(Short web captions)
______
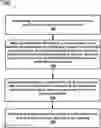 Fig. 01 - Document-level attribute-based access control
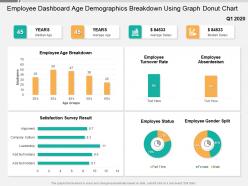 Employee dashboard age demographics breakdown using graph donut chart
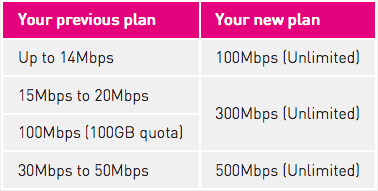 TIME 500Mbps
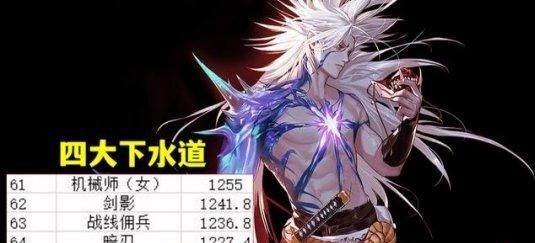 DNF2024年11月最强职业排行榜介绍
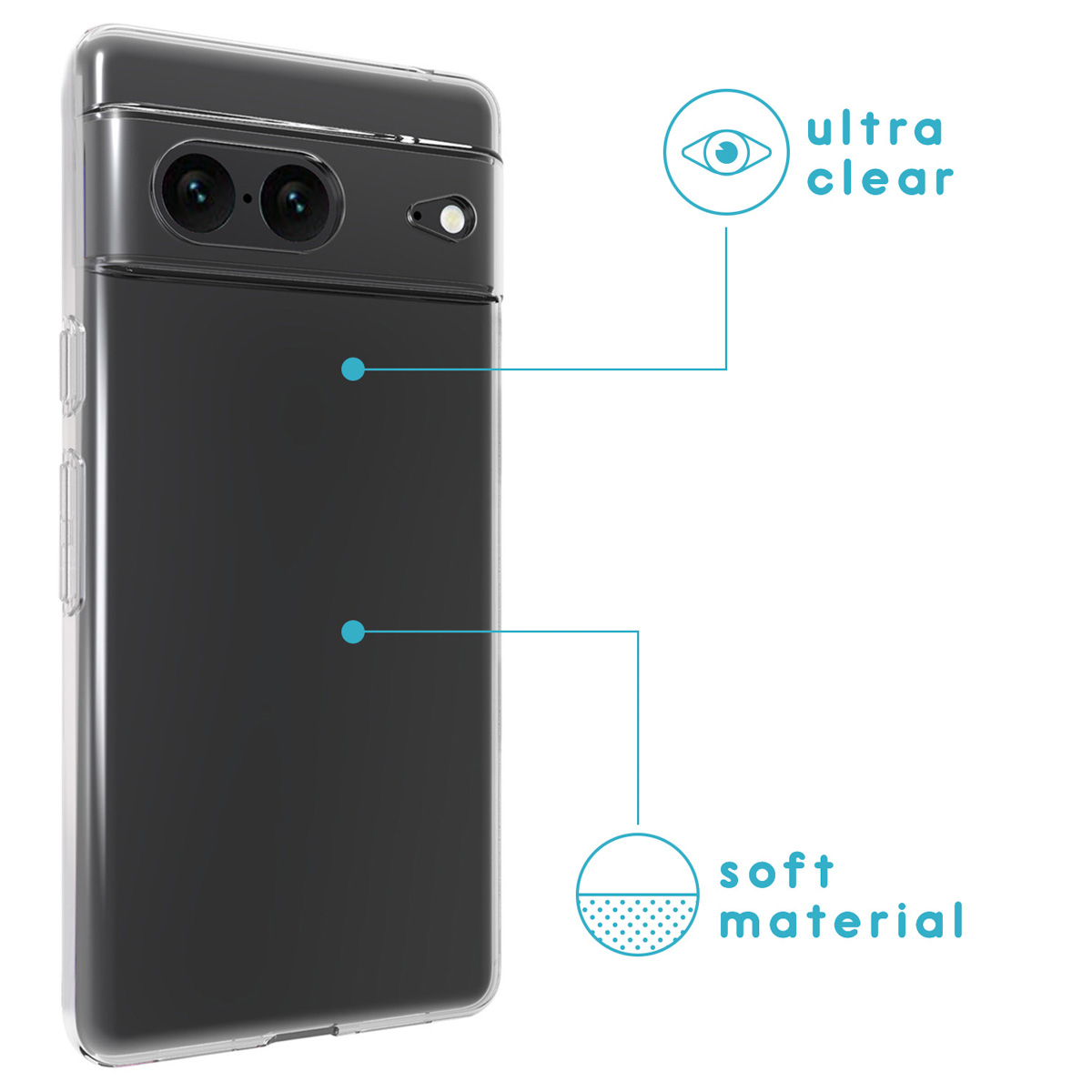 Transparante telefoonhoes met dubbele camera's en flitser. "ultra clear" en "soft material" labels.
______
WHAT THIS TASK INVOLVES >>
All the records need to be printed again exactly as written, though without their pictures.

EXPECTED ANSWER >>
 Fig. 01 - Document-level attribute-based access control
 Employee dashboard age demographics breakdown using graph donut chart
 TIME 500Mbps
 DNF2024年11月最强职业排行榜介绍
 Transparante telefoonhoes met dubbele camera's en flitser. "ultra clear" en "soft material" labels.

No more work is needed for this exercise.